14 February 2011
The Twitter hashtag for the coverage of Tony Abbott's latest media gaffe was the eponymous "#sh!thappens", which is a fair description of the messy mark it made on Australian journalism.
On the other hand, those of us in business journalism kept our shirts an immaculate white.
Yes, we're feeling smug. As soon as the Opposition Leader's comments emerged, frantic online conversations made clear that many journalists, regardless of what they thought of Abbott's positions and policies, vainly tried to head off what was to become an amazing multi-outlet beat up. Business journalists, at least in our professional capacity, never let it see the light of day.
Of course, many have argued that scrutinising Abbott's gaffe is important because he's done it before, and it shows personality problems that could affect his job. To anyone ready to declare glaring at Mark Riley "proof" of anger management issues, or who think Abbott making his third or fourth "clumsy" remark in four years is "proof" of a such a massive lack of sensitivity that it obviously pervades his work in parliament - you're reading an awful lot into it without the benefit of a psychology degree. Realistically, such arguments are more of a rationalisation to enjoy gossip, that most enjoyable yet reprehensible human tendency.
As business journalists, at least while we're on the job, we've figured this out. If we left the cameras rolling after a huge company's annual general meeting, and afterwards their CEO quietly dropped the S or F word about a curly question he'd copped, any journalist or camera man would know exactly what to do with it.
Well, we might show it to our team for a laugh before deleting it. But put it on air, as newsworthy? Channel 602 viewers would say we had poor judgment about what information they used to make their important decisions. They'd say they care much more about how the company performs than whether a CEO occasionally slips up in social etiquette. They'd be right. They'd also go somewhere else, and we'd all be out of a job.
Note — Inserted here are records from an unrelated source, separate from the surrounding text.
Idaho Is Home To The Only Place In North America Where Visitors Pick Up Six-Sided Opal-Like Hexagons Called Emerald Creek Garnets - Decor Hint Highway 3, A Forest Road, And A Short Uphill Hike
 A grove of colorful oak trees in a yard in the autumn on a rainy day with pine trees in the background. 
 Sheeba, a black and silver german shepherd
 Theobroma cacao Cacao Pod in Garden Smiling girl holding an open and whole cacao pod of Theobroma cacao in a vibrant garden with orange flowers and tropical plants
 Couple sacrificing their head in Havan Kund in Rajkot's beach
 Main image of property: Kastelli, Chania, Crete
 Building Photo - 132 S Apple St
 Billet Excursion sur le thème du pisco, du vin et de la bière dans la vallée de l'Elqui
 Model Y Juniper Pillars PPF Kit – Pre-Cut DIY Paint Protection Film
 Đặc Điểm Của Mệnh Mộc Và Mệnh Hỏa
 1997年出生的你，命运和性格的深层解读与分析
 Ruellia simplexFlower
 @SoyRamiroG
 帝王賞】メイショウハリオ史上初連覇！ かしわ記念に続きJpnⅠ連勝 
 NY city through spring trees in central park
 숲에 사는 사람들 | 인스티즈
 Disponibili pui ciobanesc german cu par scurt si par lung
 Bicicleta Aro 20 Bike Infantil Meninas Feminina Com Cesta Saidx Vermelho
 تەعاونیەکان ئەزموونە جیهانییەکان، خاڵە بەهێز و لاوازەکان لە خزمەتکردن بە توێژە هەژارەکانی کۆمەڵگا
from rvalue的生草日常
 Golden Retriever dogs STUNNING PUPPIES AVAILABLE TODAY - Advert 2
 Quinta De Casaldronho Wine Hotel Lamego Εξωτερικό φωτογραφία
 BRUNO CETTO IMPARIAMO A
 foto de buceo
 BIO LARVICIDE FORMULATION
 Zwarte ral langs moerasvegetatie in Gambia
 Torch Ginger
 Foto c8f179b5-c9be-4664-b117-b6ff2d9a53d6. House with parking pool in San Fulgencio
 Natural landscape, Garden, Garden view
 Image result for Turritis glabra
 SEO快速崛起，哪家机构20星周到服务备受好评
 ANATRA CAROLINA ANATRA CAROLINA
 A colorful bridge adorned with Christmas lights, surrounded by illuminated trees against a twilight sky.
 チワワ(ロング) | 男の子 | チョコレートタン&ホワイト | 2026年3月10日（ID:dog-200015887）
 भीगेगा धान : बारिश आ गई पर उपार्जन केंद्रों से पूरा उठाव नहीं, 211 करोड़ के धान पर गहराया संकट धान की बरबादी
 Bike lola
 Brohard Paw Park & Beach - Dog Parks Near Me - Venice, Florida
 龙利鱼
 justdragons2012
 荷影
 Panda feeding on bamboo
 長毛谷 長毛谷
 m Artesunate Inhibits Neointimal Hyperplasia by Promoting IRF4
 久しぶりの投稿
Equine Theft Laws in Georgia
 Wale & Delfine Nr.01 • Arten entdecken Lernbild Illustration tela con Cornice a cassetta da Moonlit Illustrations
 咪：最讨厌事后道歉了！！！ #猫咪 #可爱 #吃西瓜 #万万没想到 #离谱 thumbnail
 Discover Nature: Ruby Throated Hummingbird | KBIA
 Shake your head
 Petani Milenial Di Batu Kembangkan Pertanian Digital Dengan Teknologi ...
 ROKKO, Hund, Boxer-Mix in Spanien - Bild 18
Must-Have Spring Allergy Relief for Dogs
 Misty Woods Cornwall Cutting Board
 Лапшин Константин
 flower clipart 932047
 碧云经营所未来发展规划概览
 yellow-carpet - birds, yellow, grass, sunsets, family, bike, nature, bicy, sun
That's how an audience can make journalism better.
There are no good reasons why Australians should be less objective and discerning when it comes to the people who lead our nation, not least because it distracts us from what actually matters - the policies that affect our lives. How much better would this country be if we'd spent the time wasted analysing Abbott's gaffe analysing the Coalition's alternative to the Flood Levy that day instead?
There are plenty of wrong reasons, though. We want to be entertained, it's easier to digest personality stories rather than policy, we like to form quick, rather than carefully considered judgments of people. All of these reasons serve only to justify how we are, not how we should be.
Yet we all have a vote, a voice and a wallet, which means we have a responsiblity as well as a nature. You don't have to be a business journalist to know what is important, and what is none of our business.